- Principals give themselves high marks in areas such as communicating a clear vision for their school and setting high standards for teaching, but teachers are a bit more reserved in their ratings, according to new results from the RAND Corporation’s American Educator Panel (AEP).
- Almost 100% of school leaders responding to the survey agreed that they set clear expectations about meeting instructional goals, while 77% of teachers responding felt this way about their principals.
- While teachers still have positive views of principals, the authors recommend that principals adopt “360-degree reviews,” such as the Vanderbilt Assessment of Leadership in Education, to “guide reflective organizational improvement.”
It’s unlikely that school leaders and classroom teachers will ever view instructional topics, working conditions or other issues in the same ways. Similar data released by the AEP last fall showed far more principals than teachers think teachers are involved in decisions affecting their schools. There was also a gap between administrators’ and educators’ views on whether teachers feel comfortable voicing their concerns.
In some ways, it’s O.K. that teachers and principals don’t see things the same way. Different perspectives on what’s happening throughout a school and how various initiatives and practices actually work in the classroom are valuable for school leaders. “Often, new school leaders don't fully understand the multiple dimensions of what's happening and the history of how the school has addressed similar situations before,” Cathy Toll, a consultant and a former principal, wrote in a 2017 post for the Association for Supervision and Curriculum Development. “It's wiser to listen and learn first. When leaders tune in to others, they understand challenges more completely, and as a result they'll be more likely to come up with productive solutions — or even better, to solicit further involvement by others.”

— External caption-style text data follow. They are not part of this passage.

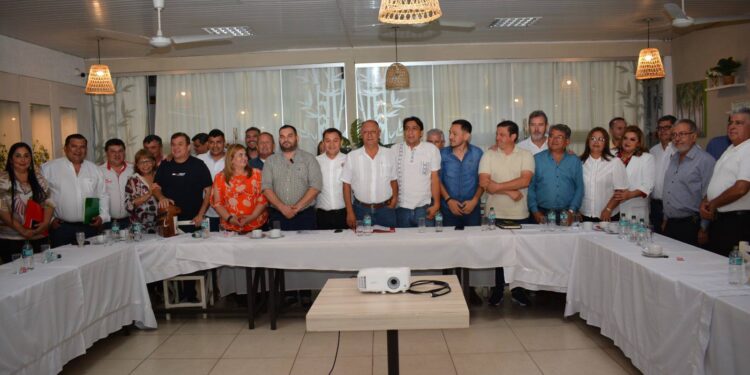 Intendentes están de acuerdo con unificar sistema para pago de patente de rodados, pero no con los costos
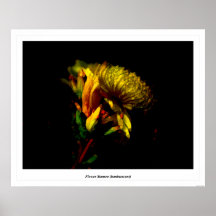 Étamine de fleur (luminescente) affiche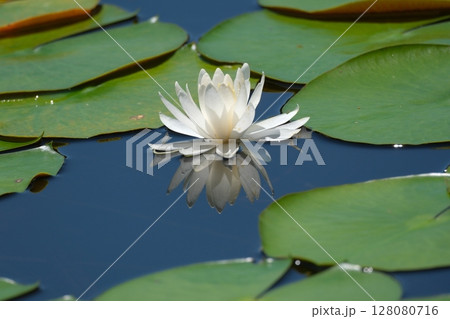 池の水面に影を映す姿が美しい白い睡蓮 128080716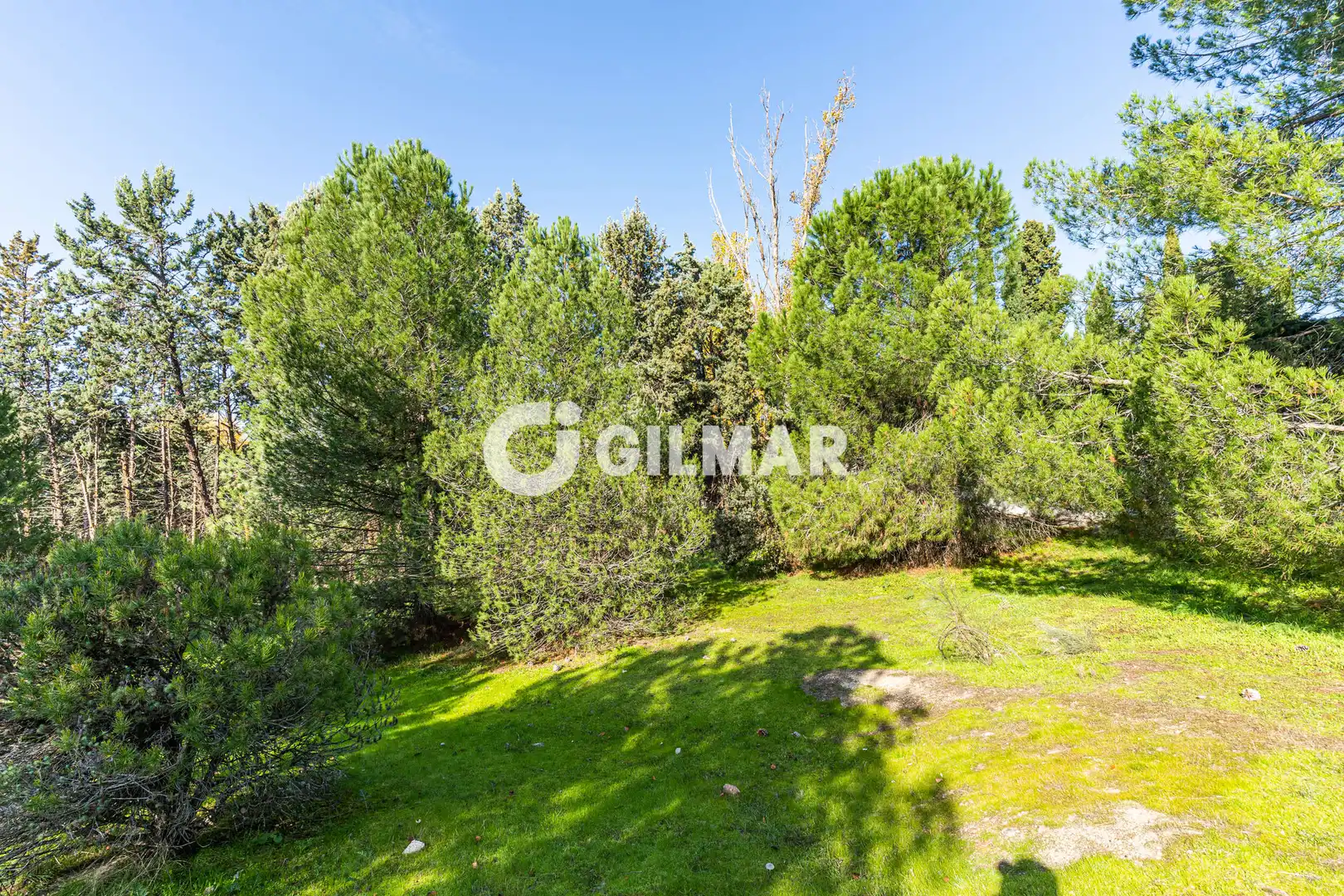 Casa o xalet en venda en Monte Rozas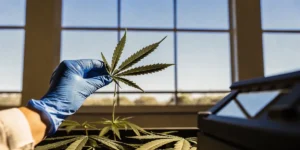 Gloved hand holding a cannabis leaf under natural light during a controlled laboratory inspection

While Google forms and online surveys are common ways for administrators to gather faculty feedback, other methods include starting off meetings by asking teachers to write down one thing that went right that day or adding open-ended questions to surveys. If school leaders and school climate are big parts of why teachers stay at their schools — or not — then it’s important for principals to consider if the messages they think they are sending to staff members are being understood the same way.